WHAT YOU NEED TO DO: Could the data below be printed out exactly, with the pictures left out?

INFORMATION SHOWN:
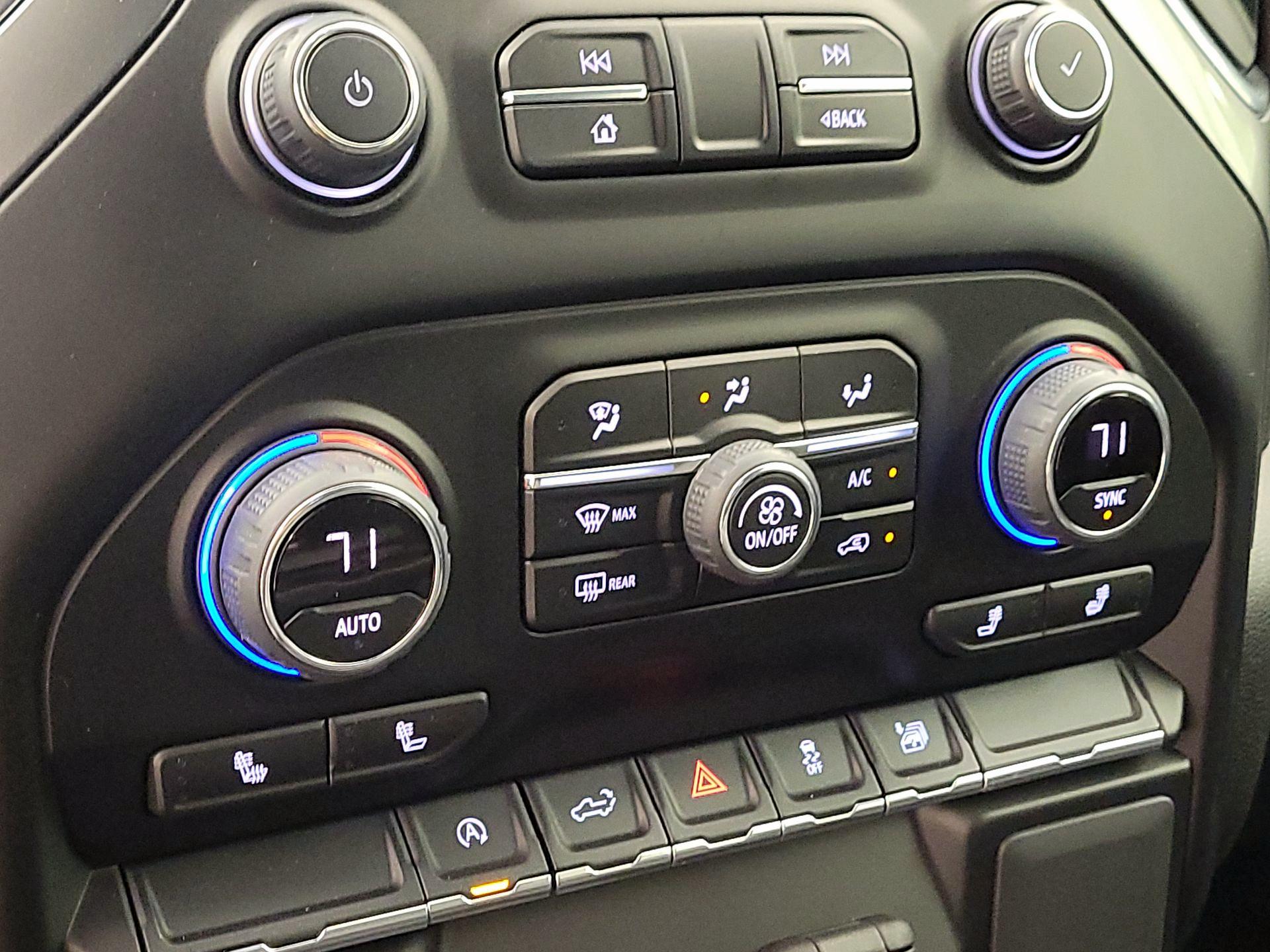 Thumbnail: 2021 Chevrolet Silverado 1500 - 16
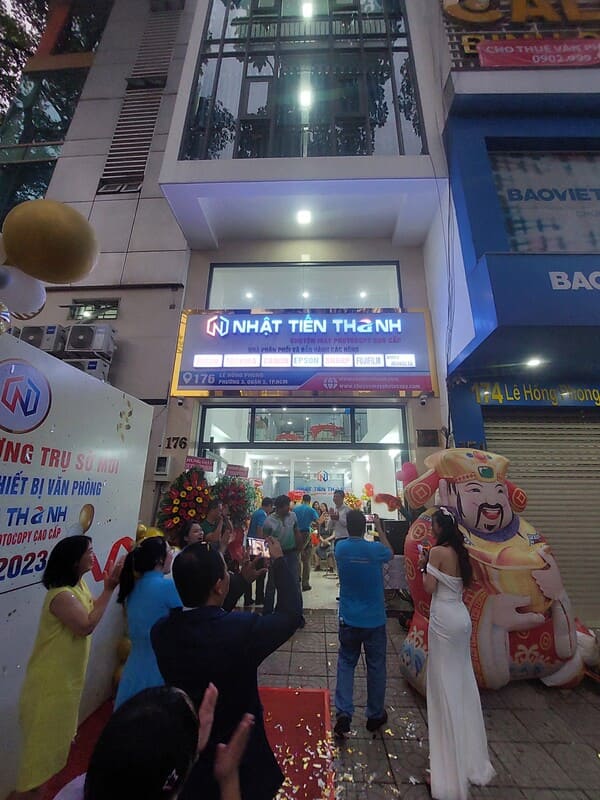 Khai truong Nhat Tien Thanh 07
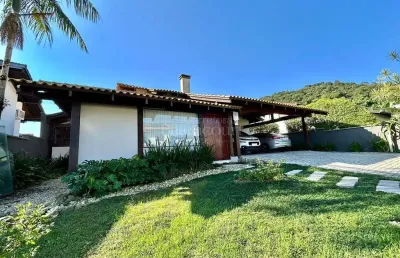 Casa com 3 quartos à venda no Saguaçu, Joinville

EXERCISE RESULT:
 Thumbnail: 2021 Chevrolet Silverado 1500 - 16
 Khai truong Nhat Tien Thanh 07
 Casa com 3 quartos à venda no Saguaçu, Joinville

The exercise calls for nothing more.